Sunday 2nd June 2002 - DAY 123
|Starting point:||Mojiang, Yunnan|
|Ending point:||Jinhong, Yunnan|
|Distanced travelled:||229 miles|
Another hot and humid day as we continued south towards Jinhong.. The roads had deteriorated again and we spent much of our time stuck behind long queues of smoky diesel lorries. We were stopped at a checkpoint as we entered the restricted area of Xishuabanna. It was a relief to finally cross the Mekong river into Jinhong, although we were a little disappointed to find that much of the 'backpacker' area had been wiped out due to the development of a new bridge and motorway. We did manage to find one street remaining where we could stay in a bamboo hut on stilts and spend the evening in a cafe where everyone was drinking snake wine.

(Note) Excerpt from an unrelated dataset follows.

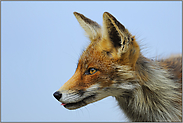 im Portrait... Rotfuchs *Vulpes vulpes*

Monday 3rd June 2002 - DAY 124
|Starting point:||Jinhong, Yunnan|
|Ending point:||Mengla, Yunnan|
|Distanced travelled:||132 miles|
As we ambled along the bendy dirt track that leads down to Mengla, the sounds and smells of the jungle grew stronger and we almost ran over a giant (3 ft), green lizard in the road. Jill had to find the customs office to sort out our documentation for leaving China so we agreed to meet her at a specified hotel. Unfortunately every hotel in town claimed to be the one we were looking for so we had to resort to calling her mobile to find her again. Managed to get our spare tyre repaired and find yet another spare hose for the turbo. We're both feeling quite tired by the end of 4 weeks hard travelling and very much looking forward to getting into Laos.